I’m sure last night’s gut-wrenching defeat in Glendale will have a similar fate, a bitter cap to an incredible campaign that produces a painful gallery of recollections —  Jalen Hurts playing out of his mind but fumbling the football and gifting the Chiefs seven points in the first half; the defense failing to stop Kansas City once in the second half; a poor special teams unit giving up a back-breaking punt return; defensive guru Jonathan Gannon getting taken to school by Reid and his offensive coordinator, Eric Bieniemy; and the vaunted Eagles pass rush failing to generate a sack, among others.

“You either win or you learn,” Hurts observed in his postgame press conference. So, what did we discover about this team and the man who will be their on-field leader for the foreseeable future?
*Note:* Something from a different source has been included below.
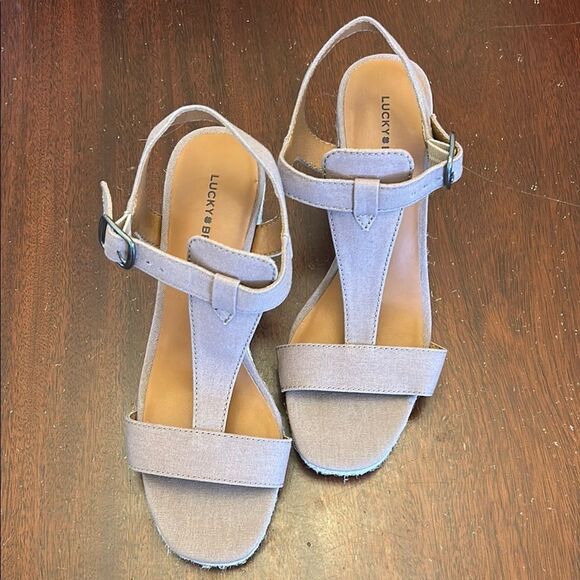 Lucky Brand Tan wedge Sandals Size 8 1/2 M NWOT - Picture 1 of 7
What I will remember aside from the negative snapshots or the emotions of what might have been is the resilience of this Eagles squad. With the fourth quarter slipping away from the Birds and a six-point lead quickly turning into an eight-point deficit, Hurts piloted the offense on a seventy-five yard drive that ended with his dive into the end zone, followed by a quarterback sweep and a successful two-point conversion.

Philadelphia has fully adopted the identity of its burgeoning franchise quarterback. His special blend of physical and mental toughness have seeped into the marrow of the franchise. Hurts may not have the strongest arm or all of the qualities of the traditional pocket passer, but he is the prototype for a new kind of offensive attack that is proving very difficult to stop. He even won over one of his most persistent critics:

Most importantly, Jalen Hurts is a winner. No moment is too large or stage too big for him. Howie Roseman and the Eagles’ front office will have to navigate the challenge of building a roster with a quarterback on a second, market-setting contract, but Hurts will be worth the investment and has the qualities that will elevate the play of those around him.

Big-splash free agent acquisitions will take a back seat to drafting and development, and it’s a safe bet that Roseman will consider selling the #10 pick the Eagles secured from the Saints for a bevy of future assets. He’ll need to continue his recent streak of draft night success, finding young and cost-effective talent to fill the gaps in the roster.

Roseman and the Eagles are fortunate to have the backing of an owner in Jeffrey Lurie who is willing to spend whatever it takes to win. It’s no fluke that the organization found its way back to the Super Bowl five years after their triumph in 2018, and it won’t be a major surprise if the Eagles have more bites at the apple in the next five years, provided they can preserve the health of their quarterback.

Nick Sirianni has also grown into his role as head coach, and it will be interesting to see if he can take the next step in his own development as a leader. Sirianni has improved the team’s win total by five games in each of his two seasons in charge. Now, can he sustain success with the headwinds of the salary cap diminishing the talent on the roster? Can he learn from the mistakes he and his staff made in their preparations for this game, particularly on the defensive side of the ball?

Postgame, there was no whining about the officiating or complaining about bad luck. Unlike their NFC Championship game opponents, the Eagles took accountability for the loss. Their road back to the Super Bowl will likely be more challenging next year, but they have the leadership and the mindset needed to make another run.

The ultimate lesson derived from Super Bowl LVII will be one we’ve mastered over the years in this town. Losing sucks, and the bitter pill of defeat can leave even the most optimistic among us trapped in a mental quicksand. But staying on the mat isn’t a viable option for those who aspire to be champions. Expect the Eagles to absorb the blow of this loss, dust themselves off, and do the work to get themselves back in contention next season.

Persistence in the face of adversity — it’s a Philly thing.